The age-old question: Why do some clients settle for a mediocre translation just to save some money? Or maybe that’s wrong question.
How about: Why do clients keep buying mediocre translations when there are so many excellent translators waiting to work their magic?
Last year, I was called by a very nice lady interested in having her website translated into English. Her business was doing fine in Germany and she was testing the waters about offering her services to customers from abroad, specifically American customers. She had just revamped her German website and wanted an English-language version that would live up to its new style.
When our services are generic, bargain hunting begins
To cut a long story short, I sent her a set of quotes and she chose someone else to do the job. And life went on.
I came across her details again this week. A quick surge of curiosity sent me to her site and there it was: a bumpy, uneven English version. My gut tells me that she chose to go with a cheaper translator. This actually makes me feel bad for her because she may have lowered the cost of getting her website translated, but I fear that her new English site won’t be sending many potential customers her way.
At some point in the future, she’ll come to the erroneous conclusion that there’s no American market for her services – and I am convinced that there is. For her sake, I hope that she’ll reconsider how she is presenting her services, i.e. I hope she’ll revisit the issue of translation instead of just giving up.
What went wrong?
I fully understand that it’s difficult for clients to really judge the quality of a translation. I also absolutely understand that if all services offered by translators seem the same, then a client will decide on the basis of what they can judge – the price. And this where I (and all the other translators she got in touch with) failed her.
When she first contacted me, I spent some time on the phone with her discussing her target audience, some cultural specifics, technical details and different service packages that would make sense for her. My message was that she wasn’t paying for translation as a necessary expense; she was investing in new clients. And a great English-language version of your website is like a warm, welcoming hug for your English-speaking clients. It’s a first way of showing them that you care.
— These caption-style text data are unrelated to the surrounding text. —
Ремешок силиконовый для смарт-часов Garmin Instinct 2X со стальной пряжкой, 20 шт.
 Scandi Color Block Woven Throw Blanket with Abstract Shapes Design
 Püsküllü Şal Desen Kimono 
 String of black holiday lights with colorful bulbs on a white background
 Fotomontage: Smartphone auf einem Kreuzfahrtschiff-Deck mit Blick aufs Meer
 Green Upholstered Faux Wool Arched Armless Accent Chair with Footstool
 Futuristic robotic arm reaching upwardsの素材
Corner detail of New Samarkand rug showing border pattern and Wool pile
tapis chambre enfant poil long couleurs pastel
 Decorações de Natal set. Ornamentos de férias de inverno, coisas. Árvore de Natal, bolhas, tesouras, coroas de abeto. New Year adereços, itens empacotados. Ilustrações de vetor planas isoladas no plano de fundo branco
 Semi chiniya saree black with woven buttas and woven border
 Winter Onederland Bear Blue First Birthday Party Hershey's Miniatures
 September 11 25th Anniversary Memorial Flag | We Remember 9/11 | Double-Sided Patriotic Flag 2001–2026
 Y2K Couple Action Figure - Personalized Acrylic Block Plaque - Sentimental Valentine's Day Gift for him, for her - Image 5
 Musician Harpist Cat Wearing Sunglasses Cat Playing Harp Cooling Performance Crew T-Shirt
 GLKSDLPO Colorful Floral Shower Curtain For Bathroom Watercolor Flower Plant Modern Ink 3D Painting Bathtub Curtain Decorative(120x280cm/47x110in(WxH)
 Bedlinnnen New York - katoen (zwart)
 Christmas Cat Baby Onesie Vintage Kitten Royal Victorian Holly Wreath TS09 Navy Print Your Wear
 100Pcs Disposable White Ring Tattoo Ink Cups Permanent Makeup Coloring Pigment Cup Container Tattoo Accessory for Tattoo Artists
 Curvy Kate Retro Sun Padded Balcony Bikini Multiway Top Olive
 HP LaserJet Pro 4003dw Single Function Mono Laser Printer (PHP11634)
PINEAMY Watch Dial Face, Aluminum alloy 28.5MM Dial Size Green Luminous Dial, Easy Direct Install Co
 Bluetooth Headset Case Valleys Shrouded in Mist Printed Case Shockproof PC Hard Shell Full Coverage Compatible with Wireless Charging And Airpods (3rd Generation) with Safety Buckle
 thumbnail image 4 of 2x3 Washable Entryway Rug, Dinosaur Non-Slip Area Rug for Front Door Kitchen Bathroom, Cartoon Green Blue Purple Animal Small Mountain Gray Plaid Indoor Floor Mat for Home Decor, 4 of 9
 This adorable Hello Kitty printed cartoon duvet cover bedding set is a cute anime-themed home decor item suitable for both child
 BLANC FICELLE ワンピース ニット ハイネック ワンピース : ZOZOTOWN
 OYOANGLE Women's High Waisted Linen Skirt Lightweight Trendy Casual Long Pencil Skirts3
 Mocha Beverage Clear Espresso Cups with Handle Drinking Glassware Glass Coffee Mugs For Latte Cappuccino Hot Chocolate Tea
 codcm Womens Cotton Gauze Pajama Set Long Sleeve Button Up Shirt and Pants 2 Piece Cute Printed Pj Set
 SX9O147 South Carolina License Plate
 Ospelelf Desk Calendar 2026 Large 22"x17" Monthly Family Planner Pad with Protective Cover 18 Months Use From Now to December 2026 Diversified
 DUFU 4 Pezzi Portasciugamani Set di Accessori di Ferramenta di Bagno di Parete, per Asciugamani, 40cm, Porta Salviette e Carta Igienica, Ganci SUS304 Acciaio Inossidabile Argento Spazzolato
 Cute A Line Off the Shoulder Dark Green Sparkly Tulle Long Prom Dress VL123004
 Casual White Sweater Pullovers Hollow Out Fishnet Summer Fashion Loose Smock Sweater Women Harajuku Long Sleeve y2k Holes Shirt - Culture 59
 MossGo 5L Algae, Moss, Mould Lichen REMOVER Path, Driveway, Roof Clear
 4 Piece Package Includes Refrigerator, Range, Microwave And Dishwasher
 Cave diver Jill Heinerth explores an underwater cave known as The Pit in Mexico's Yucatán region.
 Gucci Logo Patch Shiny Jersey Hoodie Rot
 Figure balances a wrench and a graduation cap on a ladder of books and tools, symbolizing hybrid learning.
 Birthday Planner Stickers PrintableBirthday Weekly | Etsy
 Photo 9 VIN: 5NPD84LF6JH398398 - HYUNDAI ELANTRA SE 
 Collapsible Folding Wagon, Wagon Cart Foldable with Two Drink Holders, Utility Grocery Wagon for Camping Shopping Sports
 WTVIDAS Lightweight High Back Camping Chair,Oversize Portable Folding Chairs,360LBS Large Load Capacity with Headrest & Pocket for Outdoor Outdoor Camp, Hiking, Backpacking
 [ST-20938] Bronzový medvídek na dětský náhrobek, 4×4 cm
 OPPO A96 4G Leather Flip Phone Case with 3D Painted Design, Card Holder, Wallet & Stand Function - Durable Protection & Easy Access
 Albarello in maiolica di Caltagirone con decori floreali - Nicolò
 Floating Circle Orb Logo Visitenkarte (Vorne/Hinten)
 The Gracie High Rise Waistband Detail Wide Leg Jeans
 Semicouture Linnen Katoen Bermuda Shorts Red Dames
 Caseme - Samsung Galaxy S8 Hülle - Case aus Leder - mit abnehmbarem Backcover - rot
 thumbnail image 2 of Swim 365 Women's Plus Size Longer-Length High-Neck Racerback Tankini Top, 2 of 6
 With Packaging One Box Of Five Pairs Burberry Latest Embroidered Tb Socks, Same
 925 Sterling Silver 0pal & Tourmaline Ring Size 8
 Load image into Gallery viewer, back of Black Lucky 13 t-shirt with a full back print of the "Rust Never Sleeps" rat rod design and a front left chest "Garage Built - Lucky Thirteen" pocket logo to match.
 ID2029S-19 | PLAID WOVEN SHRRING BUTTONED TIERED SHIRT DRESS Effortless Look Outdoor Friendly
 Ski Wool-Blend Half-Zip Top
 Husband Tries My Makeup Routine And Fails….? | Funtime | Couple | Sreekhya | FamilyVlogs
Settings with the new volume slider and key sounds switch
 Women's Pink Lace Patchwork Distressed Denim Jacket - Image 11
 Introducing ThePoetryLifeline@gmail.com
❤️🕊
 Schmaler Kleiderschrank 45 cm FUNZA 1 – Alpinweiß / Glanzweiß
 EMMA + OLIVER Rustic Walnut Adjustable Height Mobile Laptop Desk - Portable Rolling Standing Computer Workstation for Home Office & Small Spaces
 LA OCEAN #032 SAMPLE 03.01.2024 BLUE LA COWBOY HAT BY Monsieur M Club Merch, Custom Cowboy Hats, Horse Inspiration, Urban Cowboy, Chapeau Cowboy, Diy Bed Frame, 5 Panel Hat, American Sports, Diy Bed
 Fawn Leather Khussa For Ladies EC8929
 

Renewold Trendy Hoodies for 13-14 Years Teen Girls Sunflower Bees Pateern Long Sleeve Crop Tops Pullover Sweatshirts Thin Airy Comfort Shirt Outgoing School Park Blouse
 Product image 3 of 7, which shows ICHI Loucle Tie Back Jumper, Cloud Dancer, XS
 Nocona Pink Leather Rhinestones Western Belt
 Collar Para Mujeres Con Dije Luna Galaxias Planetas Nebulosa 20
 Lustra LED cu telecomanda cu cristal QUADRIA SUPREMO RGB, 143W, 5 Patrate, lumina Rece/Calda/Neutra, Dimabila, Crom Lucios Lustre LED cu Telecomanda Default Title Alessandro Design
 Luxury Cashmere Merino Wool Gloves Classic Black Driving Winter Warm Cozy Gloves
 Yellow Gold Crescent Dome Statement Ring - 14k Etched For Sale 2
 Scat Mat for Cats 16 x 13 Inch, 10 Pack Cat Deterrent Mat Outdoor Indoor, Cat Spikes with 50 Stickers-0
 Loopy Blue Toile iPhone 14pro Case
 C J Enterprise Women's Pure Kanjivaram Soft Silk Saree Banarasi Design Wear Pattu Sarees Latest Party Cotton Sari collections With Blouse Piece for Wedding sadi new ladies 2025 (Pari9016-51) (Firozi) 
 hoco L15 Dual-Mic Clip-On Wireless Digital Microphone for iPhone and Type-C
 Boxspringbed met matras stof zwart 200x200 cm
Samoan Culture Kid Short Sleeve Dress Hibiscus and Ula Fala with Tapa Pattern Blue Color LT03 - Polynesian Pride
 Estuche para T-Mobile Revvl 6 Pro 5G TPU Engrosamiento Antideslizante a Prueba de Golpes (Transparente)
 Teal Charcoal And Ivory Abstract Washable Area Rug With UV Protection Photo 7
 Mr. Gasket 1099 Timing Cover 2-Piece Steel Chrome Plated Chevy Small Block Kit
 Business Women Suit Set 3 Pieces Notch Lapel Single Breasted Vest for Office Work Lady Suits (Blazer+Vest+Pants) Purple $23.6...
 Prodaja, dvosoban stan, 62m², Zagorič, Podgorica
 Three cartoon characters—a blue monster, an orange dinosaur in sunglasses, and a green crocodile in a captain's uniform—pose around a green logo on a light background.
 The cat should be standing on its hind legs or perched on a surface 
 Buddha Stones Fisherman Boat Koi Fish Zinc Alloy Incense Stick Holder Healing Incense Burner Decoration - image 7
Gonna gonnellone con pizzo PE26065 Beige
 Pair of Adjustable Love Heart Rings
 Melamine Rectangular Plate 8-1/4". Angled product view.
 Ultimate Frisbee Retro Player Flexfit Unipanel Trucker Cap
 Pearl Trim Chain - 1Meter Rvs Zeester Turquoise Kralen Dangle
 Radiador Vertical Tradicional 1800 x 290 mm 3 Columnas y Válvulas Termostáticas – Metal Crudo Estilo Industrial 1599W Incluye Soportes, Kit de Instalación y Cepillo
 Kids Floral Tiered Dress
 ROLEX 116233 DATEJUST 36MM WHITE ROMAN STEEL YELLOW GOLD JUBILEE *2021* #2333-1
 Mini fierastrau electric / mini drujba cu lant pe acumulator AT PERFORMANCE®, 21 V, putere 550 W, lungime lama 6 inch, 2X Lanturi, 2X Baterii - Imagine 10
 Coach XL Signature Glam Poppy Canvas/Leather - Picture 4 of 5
Now, it’s obvious that she skimped on the translation. And I’m forced to admit that I might need to work on communicating my services and the value I add. There’s no doubt in my mind that she would have ended up with a better translation had I succeeded at explaining why she wants more than an English word-by-word translation of her German copy.
Do you have a tried-and-true method of wowing potential clients with your unique services? Care to share?
PS Another possible explanation is that someone did stand out from the crowd and failed to deliver on their promises. This would be an even more depressing scenario, in which the website owner would have purchased a pricey but still poor translation.